Overview

Armed conflicts – wars – continue to cause death, displacement and suffering on a massive scale.

Numerous armed conflicts are currently taking place around the world including those involving warring parties within a single state (non-international armed conflicts) and those involving armed forces from two or more states (international armed conflicts). In 2016, armed conflicts killed more than a hundred thousand people; countless survivors were maimed, tortured, raped, forcibly displaced, or otherwise seriously abused. By the end of 2016, 65 million people around the work remained displaced by armed conflict; the largest number ever recorded. 

Amnesty International documents and campaigns against violations of international law during armed conflicts, regardless of who the perpetrator is or where the abuse occurs.

Amnesty supports survivors’ demands for justice and accountability from national authorities all the way up to international institutions such as the UN and the International Criminal Court.

Jikany Nuer White Army fighters in Upper Nile State, South Sudan. 10 February, 2014. ©GORAN TOMASEVIC/Reuters/Corbis
Jikany Nuer White Army fighters in Upper Nile State, South Sudan. 10 February, 2014. ©GORAN TOMASEVIC/Reuters/Corbis

Amnesty International’s work

Amnesty International conducts on-site and remote investigations into violations of international law during armed conflicts.

Amnesty International researchers spend thousands of hours each year on the ground in conflict-affected areas, interviewing witnesses and survivors, and gathering information from a wide range of local organizations and officials, including military and law enforcement.
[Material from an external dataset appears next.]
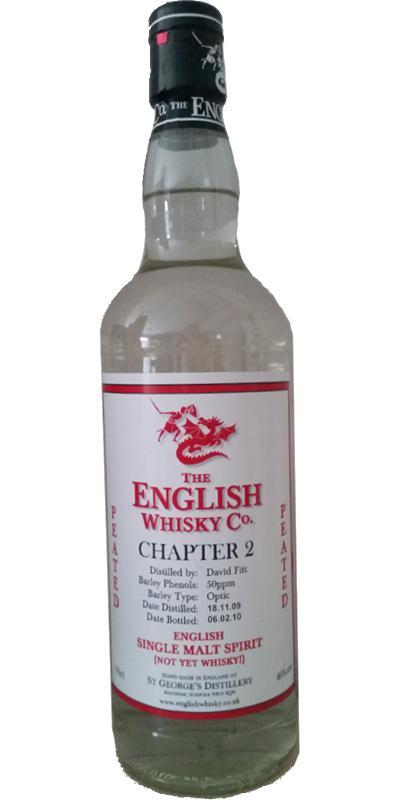 The English Whisky 2009  Chapter 2 Single Malt Spirit Peated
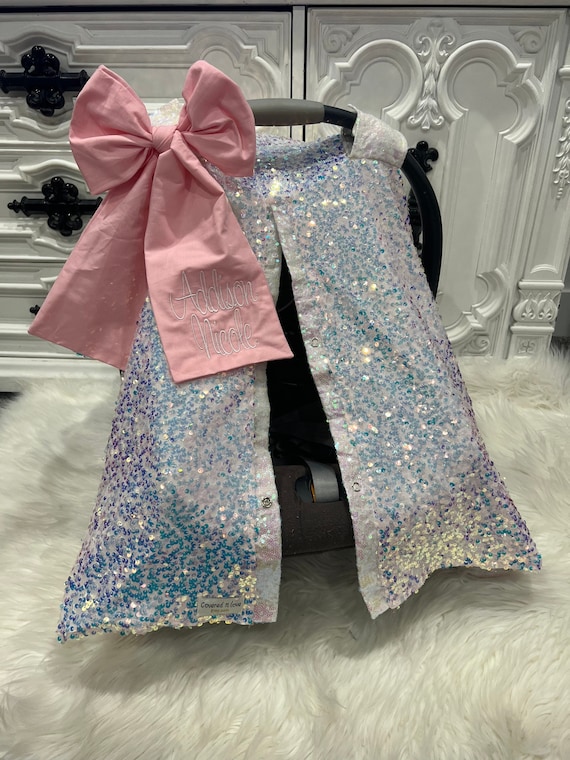 sparkle car seat canopy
Amnesty International’s arms and military advisors identify weapons and munitions and analyse their effects.

Besides reporting directly from conflict zones, Amnesty International employs a variety of cutting-edge remote-sensing techniques – including the analysis of satellite imagery as well as verification of available digital evidence, such as videos and photographs uploaded by witnesses – to monitor armed conflicts around the world.

Together, the testimonial and photographic evidence collected in the field and the data and imagery gathered remotely provide the factual basis for Amnesty International’s global advocacy and campaigns.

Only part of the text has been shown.